:: Records ::
>>>>

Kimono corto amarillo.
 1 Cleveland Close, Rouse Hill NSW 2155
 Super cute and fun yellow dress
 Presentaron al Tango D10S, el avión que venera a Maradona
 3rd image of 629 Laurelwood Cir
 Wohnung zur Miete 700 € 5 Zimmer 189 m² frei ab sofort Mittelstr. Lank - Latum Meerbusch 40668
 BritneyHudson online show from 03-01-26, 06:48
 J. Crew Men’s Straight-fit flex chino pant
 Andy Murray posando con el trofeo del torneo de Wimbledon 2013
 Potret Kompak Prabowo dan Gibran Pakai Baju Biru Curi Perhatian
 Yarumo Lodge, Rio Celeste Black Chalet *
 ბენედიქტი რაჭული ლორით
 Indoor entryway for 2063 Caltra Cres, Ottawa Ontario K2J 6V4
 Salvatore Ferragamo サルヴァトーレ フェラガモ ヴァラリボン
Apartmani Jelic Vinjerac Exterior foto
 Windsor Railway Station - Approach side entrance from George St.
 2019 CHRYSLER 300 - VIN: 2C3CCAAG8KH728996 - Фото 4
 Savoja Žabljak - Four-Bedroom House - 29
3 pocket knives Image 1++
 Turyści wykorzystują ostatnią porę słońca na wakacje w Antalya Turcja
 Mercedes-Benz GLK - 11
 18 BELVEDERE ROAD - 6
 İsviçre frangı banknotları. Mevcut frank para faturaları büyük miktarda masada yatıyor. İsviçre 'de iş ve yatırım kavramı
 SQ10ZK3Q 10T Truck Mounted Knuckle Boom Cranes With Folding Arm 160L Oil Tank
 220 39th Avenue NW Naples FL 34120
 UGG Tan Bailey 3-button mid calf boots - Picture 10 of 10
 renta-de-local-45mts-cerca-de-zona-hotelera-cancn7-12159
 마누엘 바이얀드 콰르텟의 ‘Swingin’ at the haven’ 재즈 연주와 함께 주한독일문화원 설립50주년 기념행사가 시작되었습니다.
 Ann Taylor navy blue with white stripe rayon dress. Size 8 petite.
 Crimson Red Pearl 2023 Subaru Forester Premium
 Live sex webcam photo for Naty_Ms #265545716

<<<<

:: Instructions to follow ::
In the listing above, find the line with "ბენედიქტი რაჭული ლორით" and the line with "UGG Tan Bailey". Output those two lines and every line between them, exactly as written.

:: Answer section ::
 ბენედიქტი რაჭული ლორით
 Indoor entryway for 2063 Caltra Cres, Ottawa Ontario K2J 6V4
 Salvatore Ferragamo サルヴァトーレ フェラガモ ヴァラリボン
Apartmani Jelic Vinjerac Exterior foto
 Windsor Railway Station - Approach side entrance from George St.
 2019 CHRYSLER 300 - VIN: 2C3CCAAG8KH728996 - Фото 4
 Savoja Žabljak - Four-Bedroom House - 29
3 pocket knives Image 1++
 Turyści wykorzystują ostatnią porę słońca na wakacje w Antalya Turcja
 Mercedes-Benz GLK - 11
 18 BELVEDERE ROAD - 6
 İsviçre frangı banknotları. Mevcut frank para faturaları büyük miktarda masada yatıyor. İsviçre 'de iş ve yatırım kavramı
 SQ10ZK3Q 10T Truck Mounted Knuckle Boom Cranes With Folding Arm 160L Oil Tank
 220 39th Avenue NW Naples FL 34120
 UGG Tan Bailey 3-button mid calf boots - Picture 10 of 10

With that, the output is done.